Una vez terminada la contienda bélica, y ya en Londres, sus pasos se encaminarían al mundo de la danza, el cual consideraba fascinante y al que seguramente hubiera dedicado su futuro, si no hubiera sido por que, y casi de forma accidental, aparece en su vida otra faceta que la haría inmortal, la actuación.
Ella era algo más que una buena actriz, o un rostro simpático y alegre. Poseía una elegancia innata que sobrepasaba los límites de una pantalla de Cine.

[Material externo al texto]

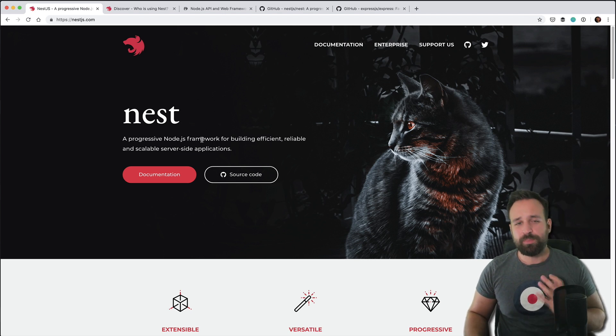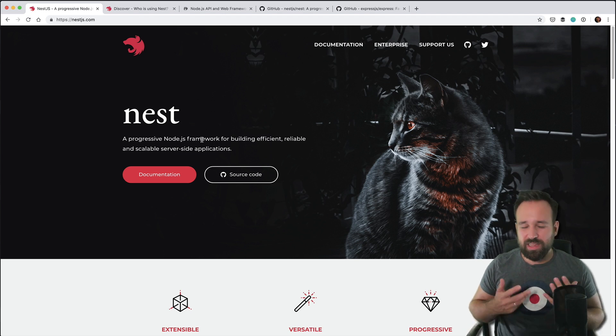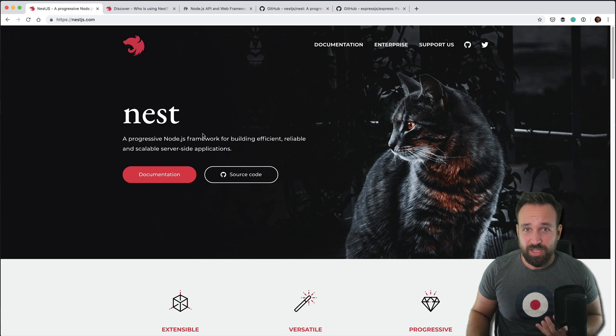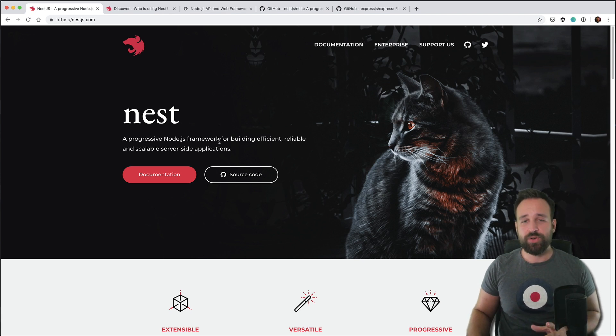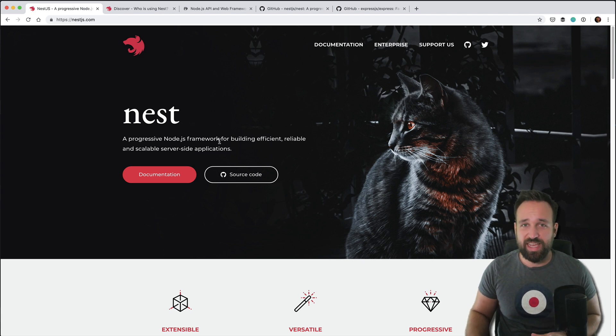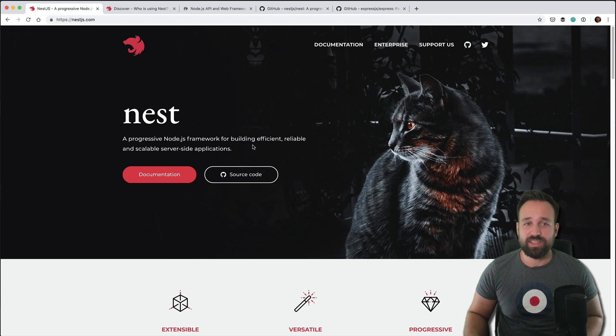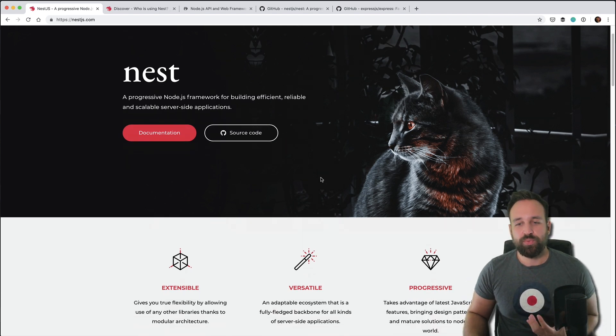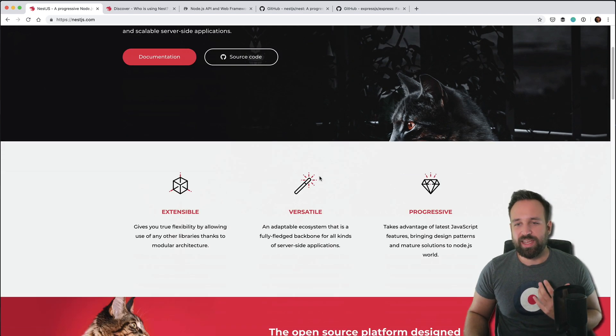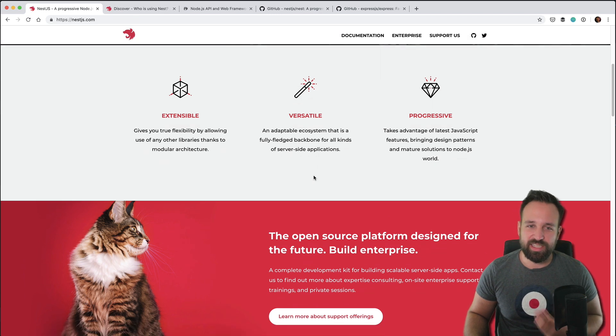Nest is a progressive Node.js framework for building efficient, reliable and scalable server-side applications. Sounds great and it definitely is. But it's not completely new. There are a lot of other frameworks based on Node.js for server-side APIs in general so it's not something completely new, but the approach and how it is structured is definitely new and unique to Nest.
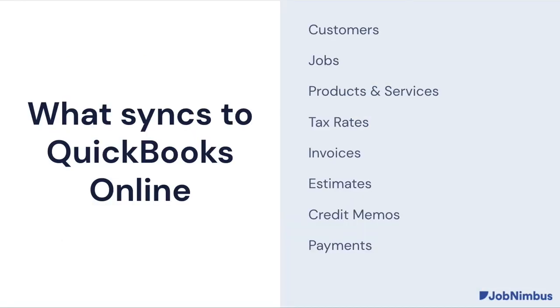These items do sync to QuickBooks Online: customers and jobs, your products and services are going to go through, tax rates will come in from QuickBooks (they are generated there). We can also sync invoices, estimates, credit memos, and payments on the customer side.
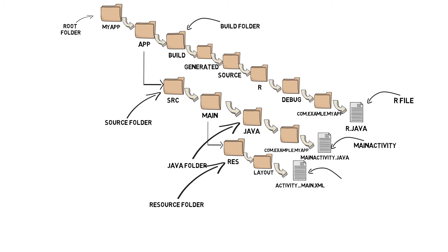ActivityMain.xml. ActivityMain.xml defines a layout. A layout tells Android how your app should look.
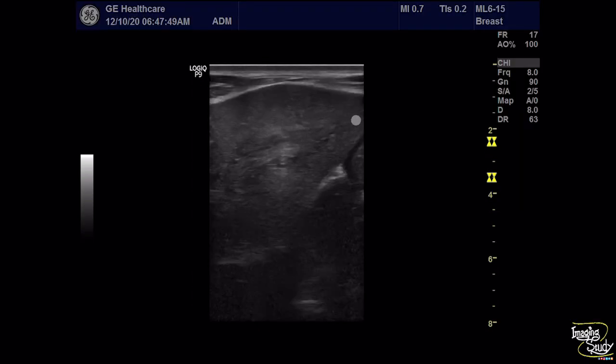If you want to end this case with biliary ascariasis only, the diagnosis will be incomplete. The question is how this worm came here — it was not born within the hepatic duct; it came from the intestine. So you cannot complete this examination without checking the intestine of this patient with a high-frequency linear transducer.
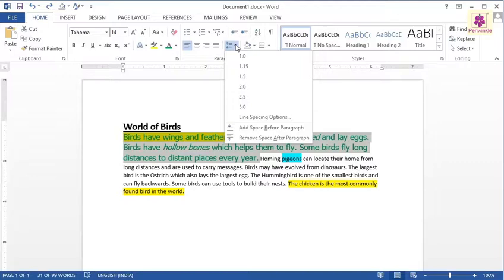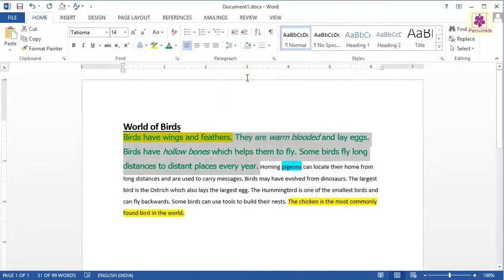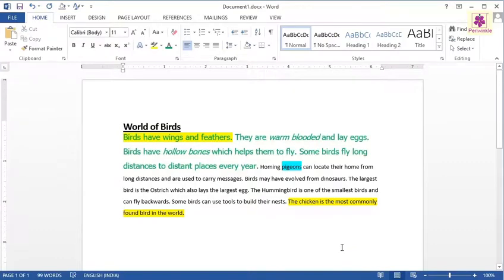For example, select 1.5. Now, click anywhere in the document to deselect the text. The line spacing is adjusted.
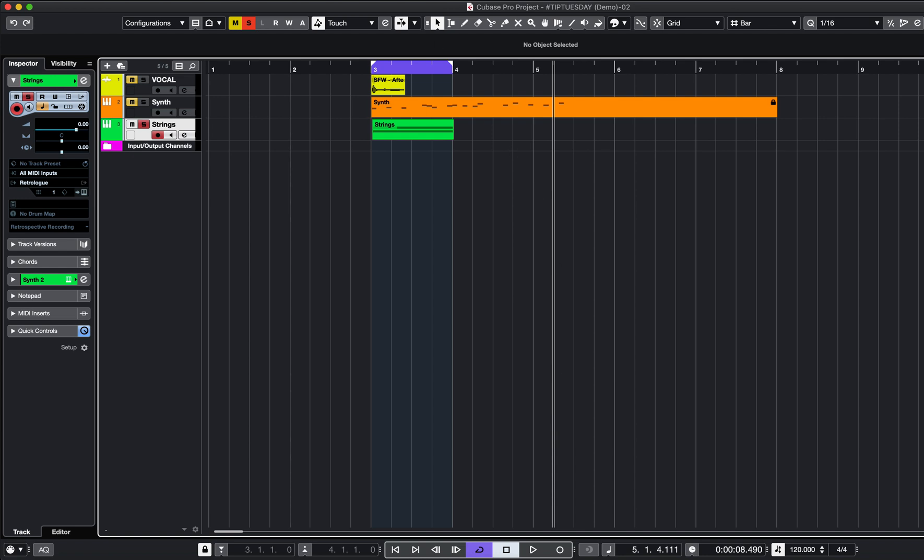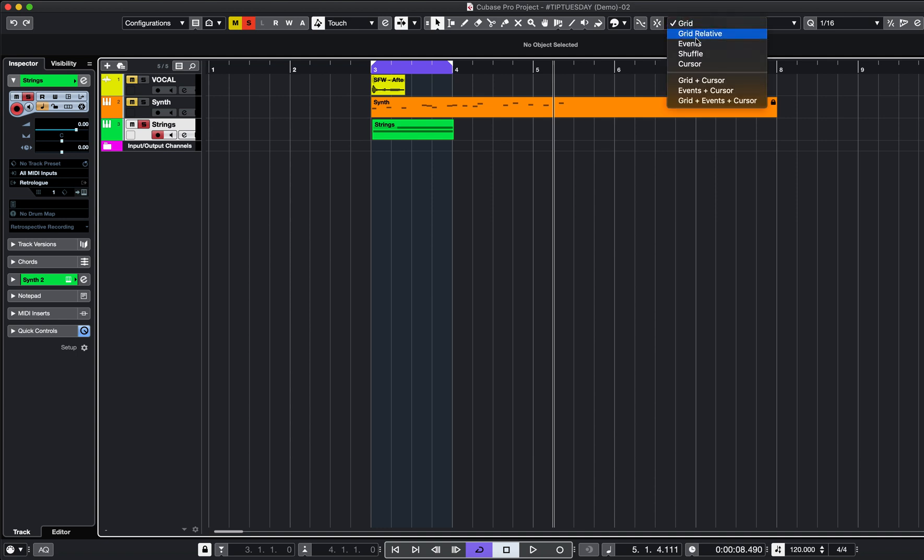Now I've got this string part here, and if I go up here, look, you can see what sort of snap type it is. So I've got grid, grid relative, events, shuffle, cursor, etc.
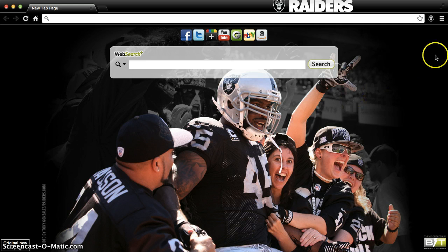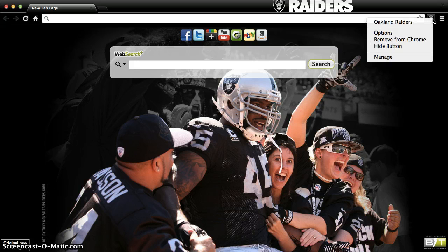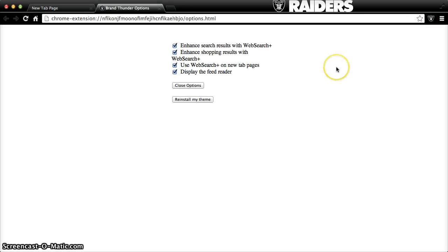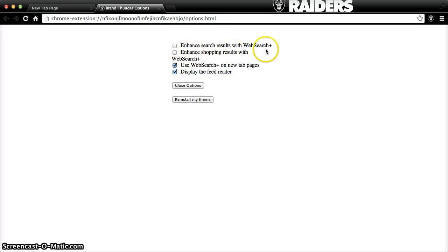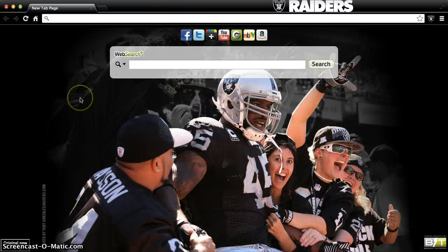All you need to do is hover over the extensions button, right click or double tap if you're on a Mac, to pull up the settings for the extension. From here, you can navigate to the options and see that you have multiple preferences at your disposal. All you have to do is toggle on and off those settings that you prefer. Once you've finished, close the options and you're back to browsing like normal.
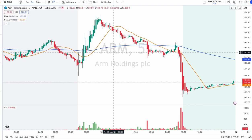I prefer my chart to be clean. My indicators are used and I don't want clutter — that quarter noise — in my chart screen, so that I can trade in peace.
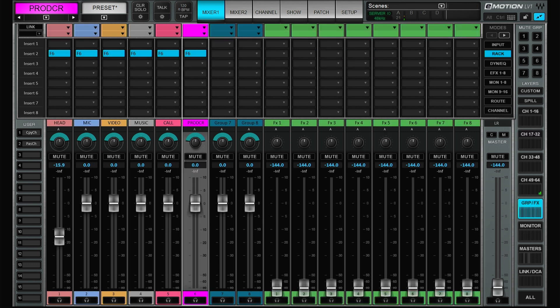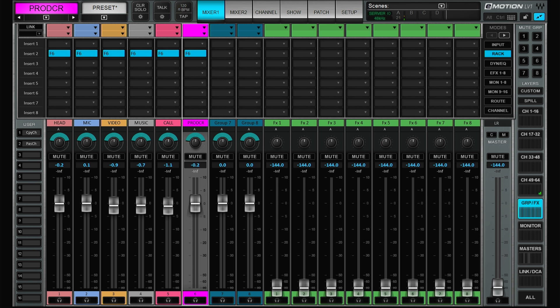All of the head mics go to the head group, all of the hand mics go to the mic group, all video to the video group, music to the music group, callers to the caller group, and the producer mics go to the producer group. Up until this point it's pretty straightforward — inputs going to groups — but it's from this point where we'll have some more advanced routing features.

Y es a partir de entonces cuando comienza su verdadera leyenda, desde pequeños papeles, casi anónimos, como en la entrañable “Oro en Barras” con el fantástico actor británico Alec Guinness, hasta su primer papel protagonista, un papel que le daría un Oscar, y que siempre consideró el preferido de su carrera, y a partir del cual comenzó todo para ella. Se trata de la encantadora comedia “Vacaciones en Roma” (Roman Holiday) en la que interpreta a una joven princesa que decide cambiar su estricta y encorsetada vida social por una noche de libertad en la Roma de la posguerra. La extraordinaria química de la actriz con el gran Gregory Peck convirtió esta pequeña película en una delicia para generaciones de espectadores. La imagen de una Audrey montada en una Vespa recorriendo las calles de Roma, tomando un helado en plena Piazza di Spagna, o la inolvidable e hilarante escena de la Boca della Verità, son ya iconos de la Cinematografía del Siglo XX, y suponen el comienzo de una de las carreras fílmicas más completas de su historia.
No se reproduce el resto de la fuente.